North and South Korea fired missiles off each other’s coasts for the first time on Wednesday in a dramatic escalation of tensions on the peninsula.
The dangerous tit-for-tat began with North Korea firing what Seoul said were more than ten missiles off its eastern and western coasts.
One ballistic missile landed less than 60 kilometres off South Korea’s coast, the first time an apparent test had landed near the its waters.
It landed outside of South Korea’s territorial waters, but south of the Northern Limit Line (NLL), a disputed inter-Korean maritime border in what South Korean President Yoon Suk-yeol called an “effective act of territorial encroachment.”
In response, South Korean warplanes fired three air-to-ground missiles into the sea north across the NLL, the South’s military said.

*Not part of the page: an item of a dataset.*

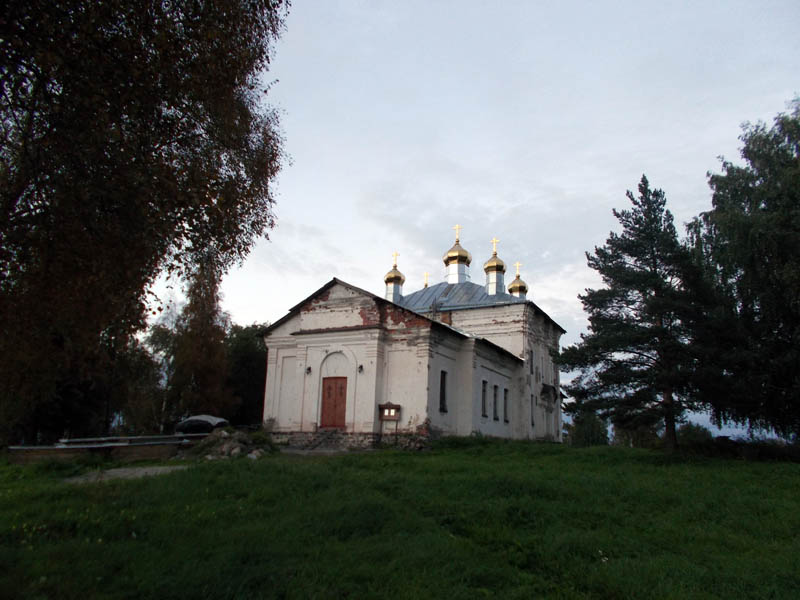 Толвуя. Церковь Георгия Победоносца. общий вид в ландшафте, вид с юго-запада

An official said the weapons used included an AGM-84H/K SLAM-ER, which is a US-made “stand-off” precision attack weapon that can fly for up to 270 kilometres (170 miles) with a 360 kg (800-pound) warhead.

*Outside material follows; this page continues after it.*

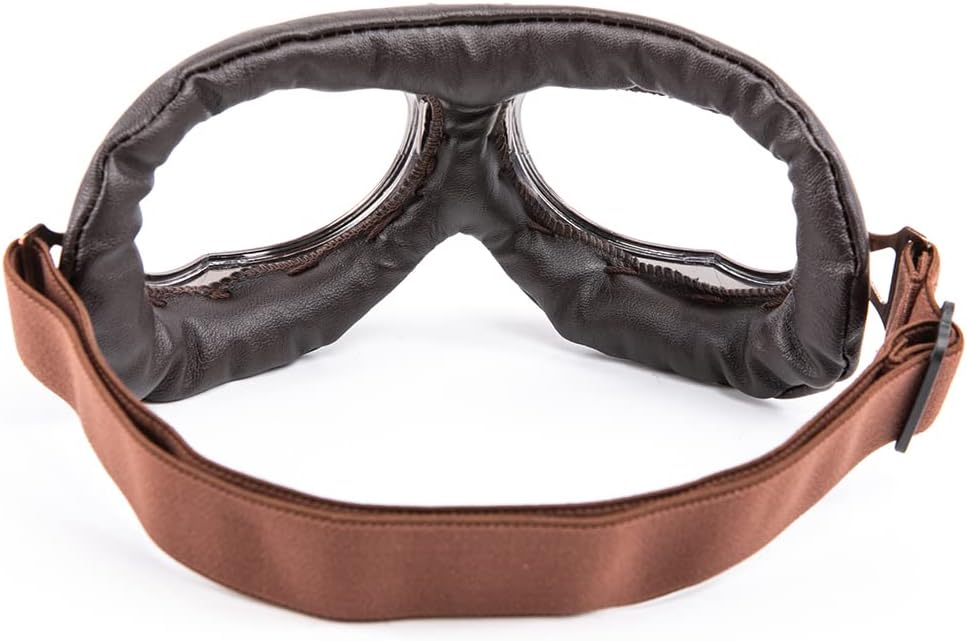 Motorcycle Goggles Anti Fog&Wind&Dust&Sand Aviator Pilot Motocross | Dirt Bike Atv Riding Goggles with Yellow Lens,Fit Over Glasses or Helmet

The South’s launches came after Mr Yoon’s office vowed a “swift and firm response” so North Korea “pays the price for provocation”.
According to South Korea, one of the missiles fired by the North landed in international waters 16 miles south of the Koreas’ eastern sea border and 104 miles north-west of South Korea’s Ulleung island, where air raid warnings were issued.
“We heard the siren at around 8.55am and all of us in the building went down to the evacuation place in the basement,” an Ulleung county official told Reuters. “We stayed there until we came upstairs at around 9.15am after hearing that the projectile fell into the high seas.”
The launches came just hours after Pyongyang demanded that the United States and South Korea stop large-scale military exercises, saying such “military rashness and provocation can be no longer tolerated.”
In Washington, a State Department spokesman responded to North Korea’s warnings saying that Pyongyang appeared to be “reaching for another pretext for provocations it has already undertaken, potentially for provocations that it might be planning to take in the coming days or coming weeks.”
He said that the drills were “purely defensive in nature” and that the United States had made clear to North Korea that it harboured no hostile intent towards the country.
The spokesmasn added that the US and its allies had also made clear that there would be “profound costs and profound consequences” if North Korea resumed nuclear testing, which would be a “dangerous, destabilising step”. He did not elaborate on the consequences.
In a phone call with US Secretary of State Antony Blinken, South Korea’s Foreign Minister Park Jin called the North Korean missile launch “unprecedented” and a “grave act of military provocation”.